The finished park will have up to nine buildings ranging in size from 400,000 square feet to 1.5 million square feet. It’s being designed for some of the world’s largest users of distribution, logistics and e-commerce facilities.
Speculative and build-to-suit buildings are planned for the site, which is next to an intermodal terminal run by railroad giant Union Pacific Corp. and close to one of the largest Federal Express hubs in the country.
The Union Pacific and FedEx facilities “are critical pieces of global supply chain infrastructure that offer a tremendous transportation cost advantage and will draw logistics and e-commerce users to the Southport project,” said Xebec Chief Executive Randy Kendrick in a statement.
The greater Dallas-Fort Worth market had more than 16 million square feet of net absorption last year and more than 6 million square feet of absorption in the first quarter of this year, according to James “Watty” Watson, CT Realty’s chief executive.

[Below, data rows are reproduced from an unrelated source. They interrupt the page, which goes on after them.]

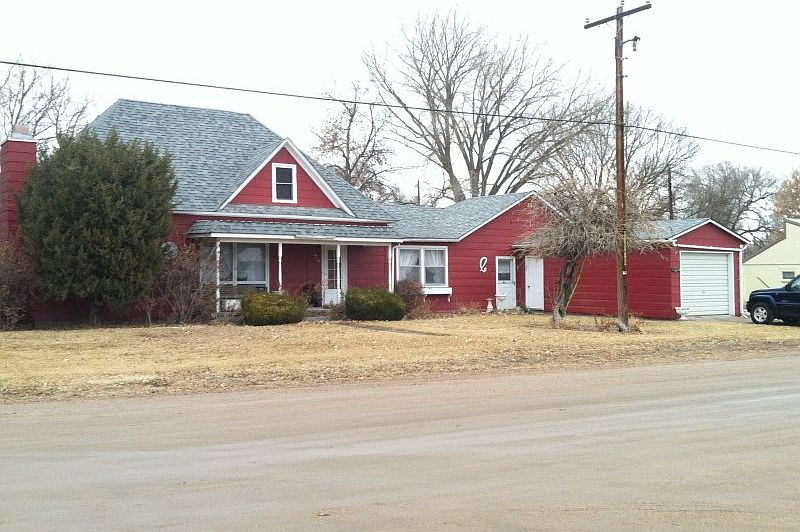 1st image of 215 W Parker St
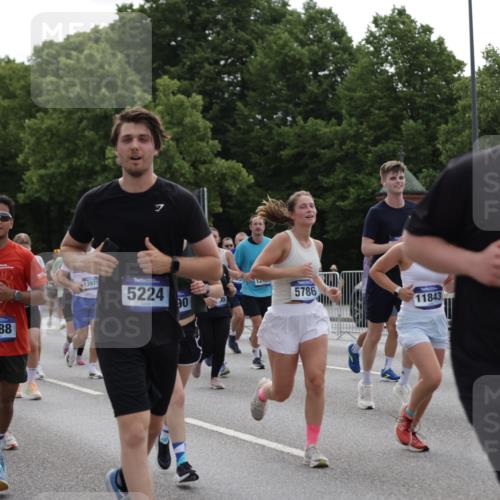 29.06.2025 - hella hamburg halbmarathon Jannik Wohlers http://msf.ph/oto/8294716 29.06.2025 10:36:39 Lombardsbrücke 1118, 1253, 1339, 1488, 1490, 1597, 1952, 1954, 2031, 2072, 2104, 2272, 2480, 3127, 3165, 3714, 3873, 3895, 4733, 5224, 5538, 5640, 5786, 6172, 6359, 6584, 6804, 7202, 7707, 8007, 8257, 8258, 8315, 8758, 8936, 8937, 9054, 9055, 10862, 10931, 11246, 11831, 11843, 12087, 12103, 12184, 12218, 12302, 12463, 12532, 13165, 13695, 13970, 13971, 14202, 14396, 14695, 14779, 14915, 15106, 15353, 15475, 15907, 16192, 16304, 16309, 16782, 16885, 17388, 17504, 17591, 17794 meine-sportfotos.de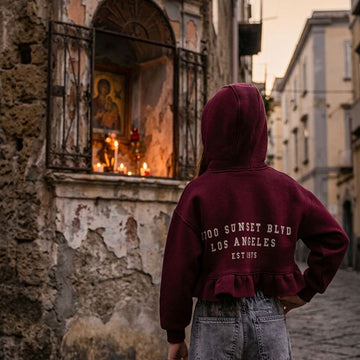 Felpa Bimba con balza e cappuccio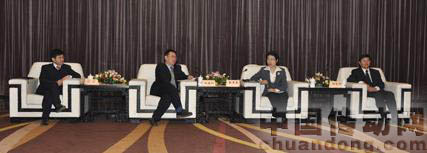 圖中從左至右為西門子(中國)有限公司高級副總裁高巖，教育部職業(yè)教育與成人教育司副司長劉建同，教育部國際合作與交流司司長張秀琴，上海信息技術(shù)學(xué)校校長鄔憲偉 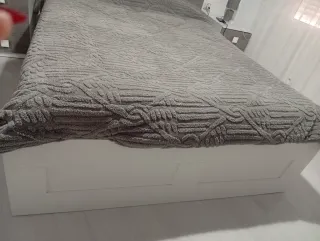Cama doble con almacenaje Ikea medidas 150
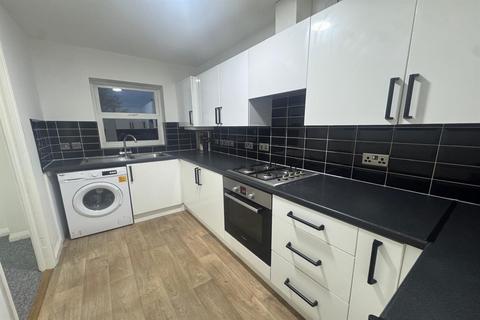 2 bedroom flat for sale, 2 Ward Close, South Croydon CR2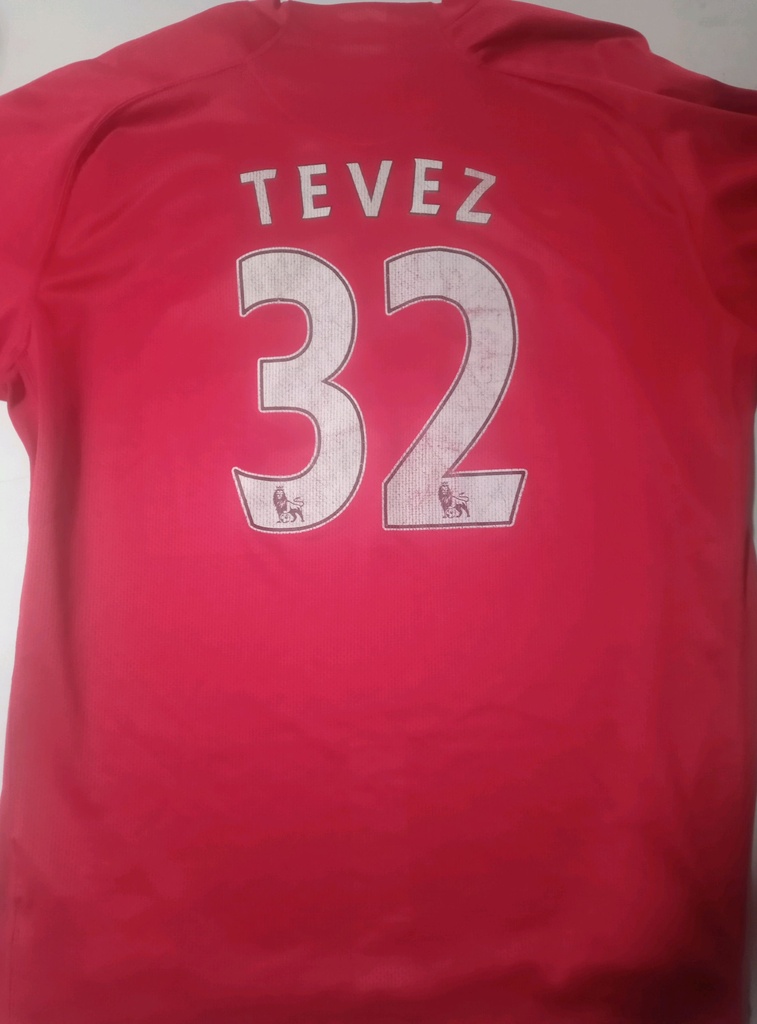 32 - Manchester United - Tevez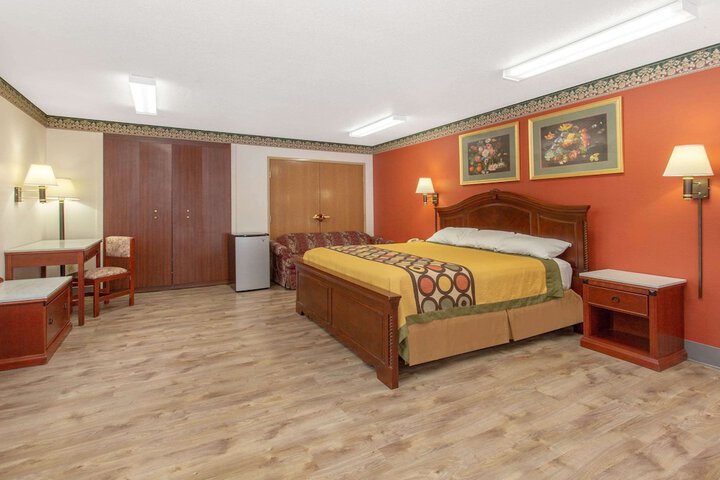 Room 13 of 17
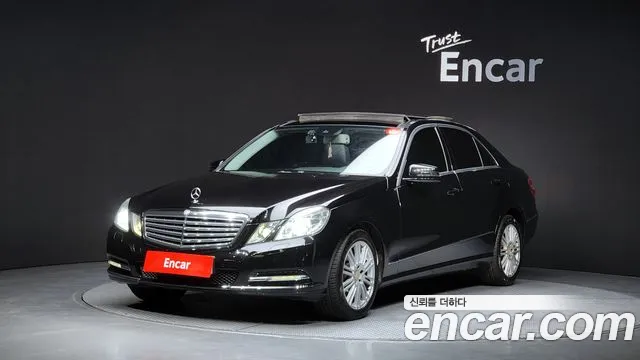Mercedes-Benz E- W212 E300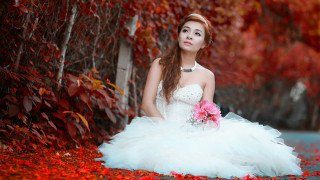 Woman white dress flower autumn - a bouquet of flowers free wallpaper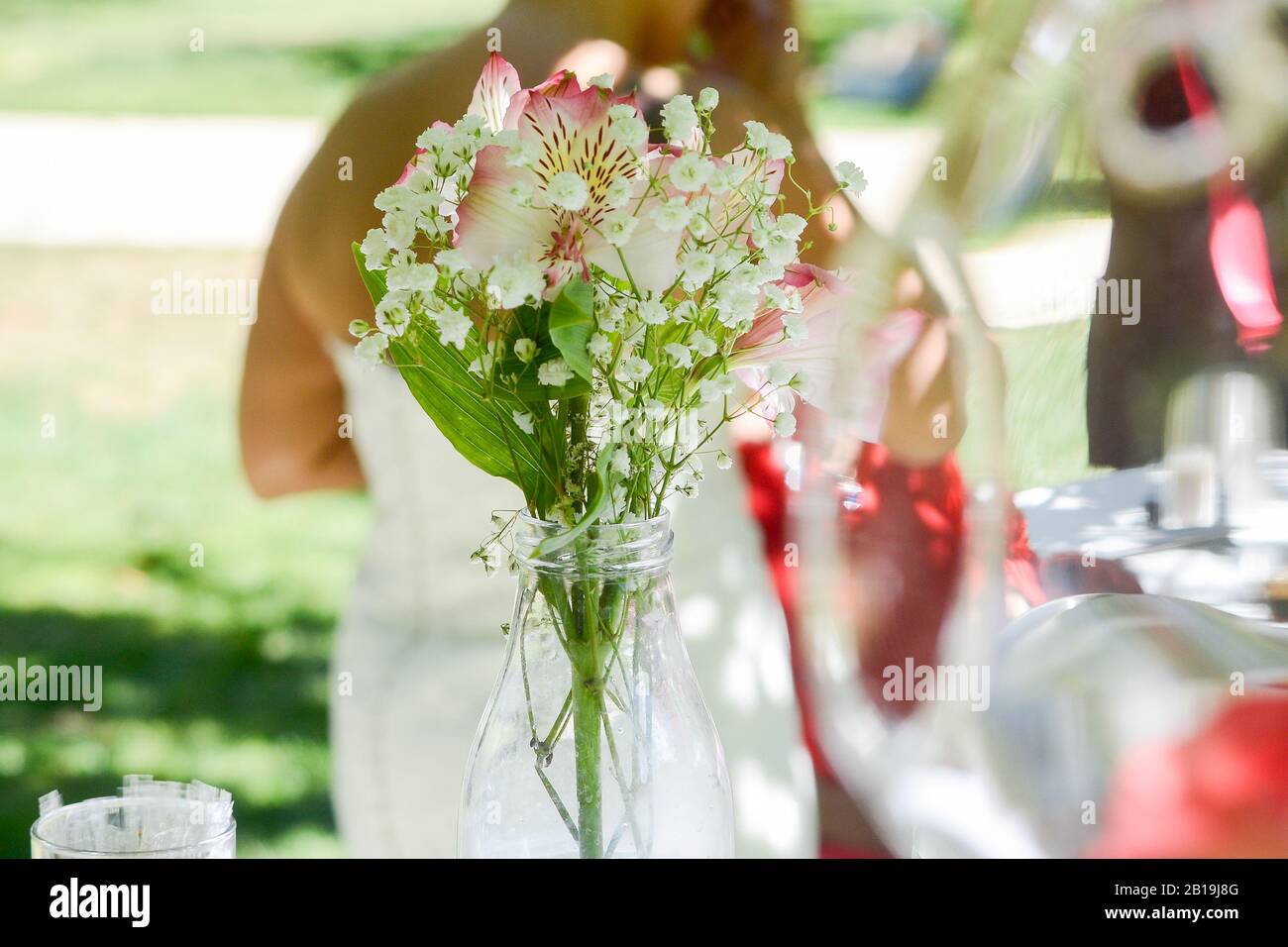Very small wildflowers hi-res stock photography and images - Alamy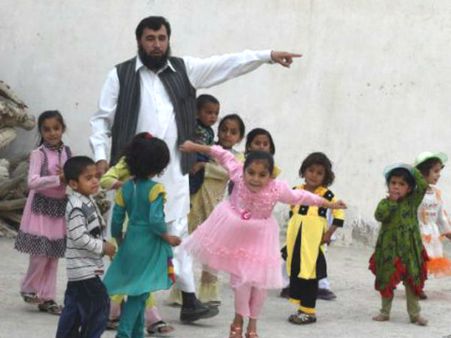 35 കുട്ടികളുളള പാകിസ്ഥാനിയ്ക്ക് 100 തികയ്ക്കാന്‍ നാലാം വിവാഹം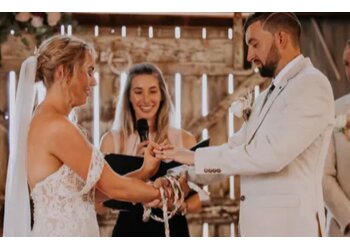 Rianna Winter Weddings - Celebrant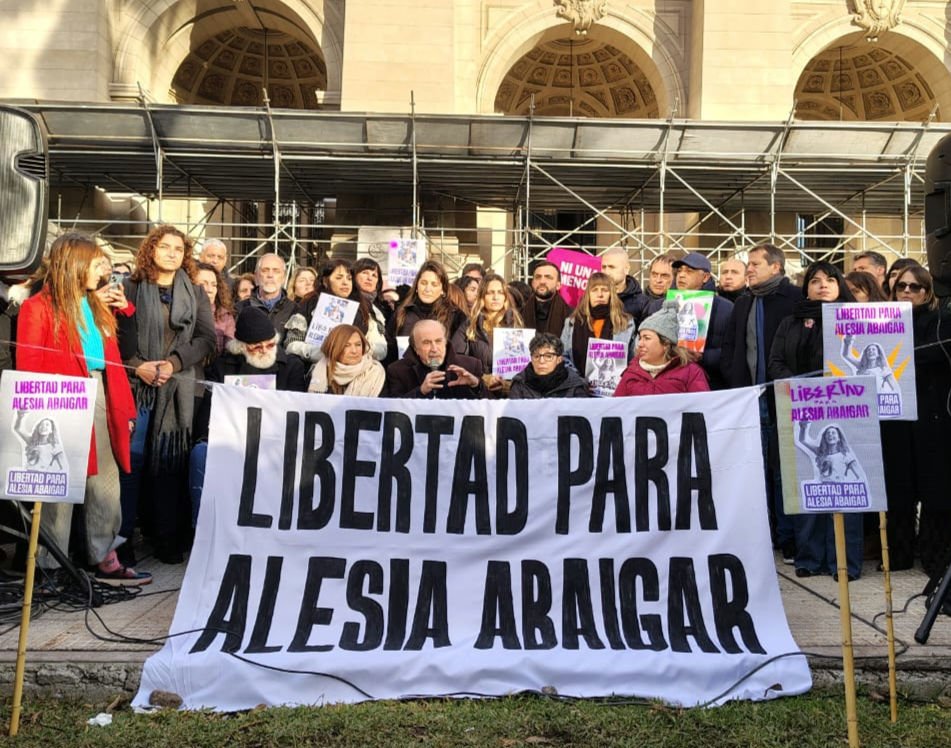 Acto frente a Tribunales contra la detención de la funcionaria bonaerense acusada de vandalizar la casa de Espert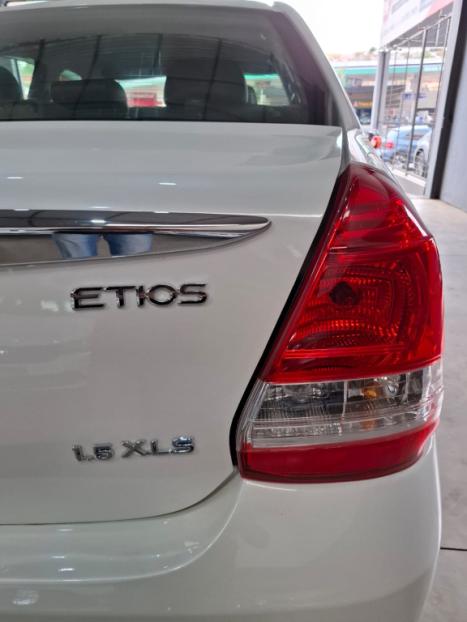 TOYOTA Etios Sedan 1.5 16V 4P FLEX XLS AUTOMTICO, Foto 7
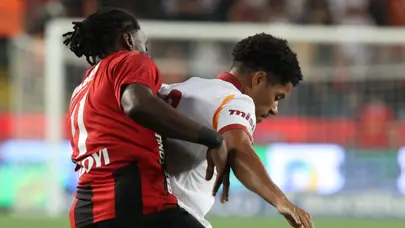 Gaziantep FK-Galatasaray maçında sezonun ilk VAR incelemesi ve penaltı kararı Gaziantep FK-Galatasaray maçında sezonun ilk VAR incelemesi ve penaltı kararı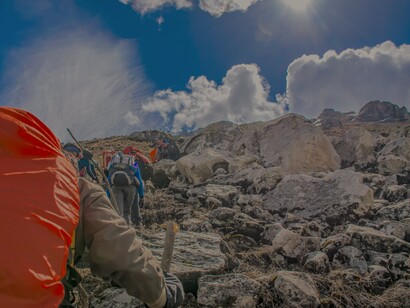 Grupo de escaladores subindo a montanha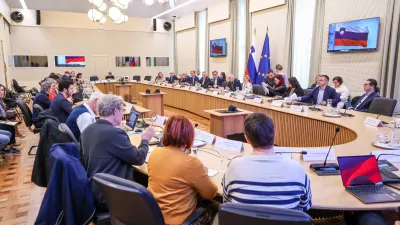 Ljubljana, vlada.Izredna seja Ekonomsko-socialnega sveta (ESS), na kateri so med drugim podali mnenje k predlogu zakona o interventnih ukrepih za razvoj Slovenije, mnenje k predlogu interventnega zakona o dolgotrajni oskrbi in zacasni podpori izvajalcem institucionalnega varstva ter mnenje k predlogu novele zakona o zasebnem varovanju.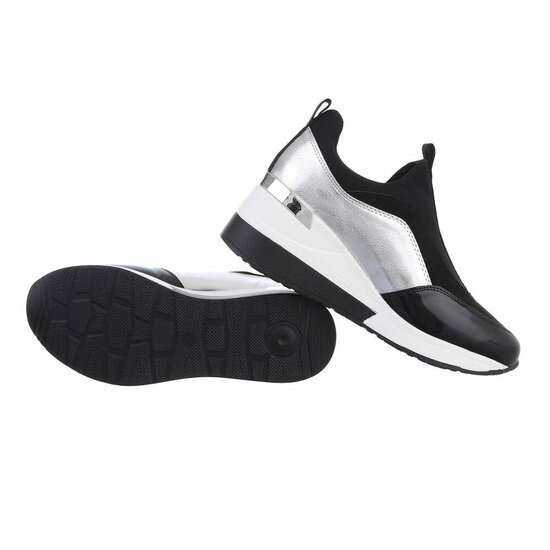 Hoge zilver-zwarte textiel sneaker Rachel.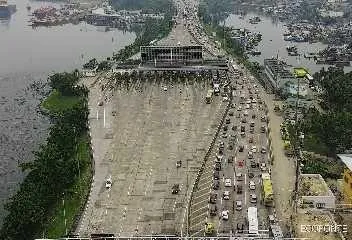 O  fluxo está com lentidão dos acessos ao Vão Central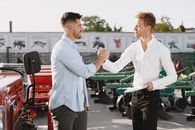 两名商人在户外握手，标志着交易成功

The fast absorption pace “is projected to increase in 2015,” Watson said.
The two companies said in 2013 that the Dallas deal is an expansion of their Southern California strategy, which focuses on building and buying warehouse and distribution properties that serve the Long Beach and Los Angeles ports.
The combined ports account for more than 40% of inbound container traffic to the U.S. every year. A significant share of the traffic moves inland by rail to Dallas, typically within four or five days after leaving the West Coast, the developers said.
Land Opportunity
The city of Anaheim is looking for a commercial developer to take over ownership of a nearly 7-acre site it owns just off the Santa Ana (5) Freeway.
It recently sent a request for proposals for the property at 1710 S. Anaheim Way. The one-way street connects Katella Avenue and the Platinum Triangle to Anaheim Boulevard and the Anaheim Resort area.
The largely vacant site was once considered for a city park and recreation area, but California regulatory agencies nixed that idea several years ago due to the site’s proximity to the freeway. Now the city is looking to sell the land to a developer.
“A review of the highest and best use of the subject site has determined that the site would be best served with manufacturing, industrial, research and development or technology-type uses,” according to the RFP.
A project of up to 150,000 square feet is possible if the city zones the site for high-end industrial or R&D uses, which could take place this summer.
A minimum bid of $9.7 million is expected for the property, according to city filings.
The city’s Industrial Development Authority is available to finance up to $10 million of the project’s cost through tax-exempt financing, according to the RFP.
Developer submissions are due Aug. 6.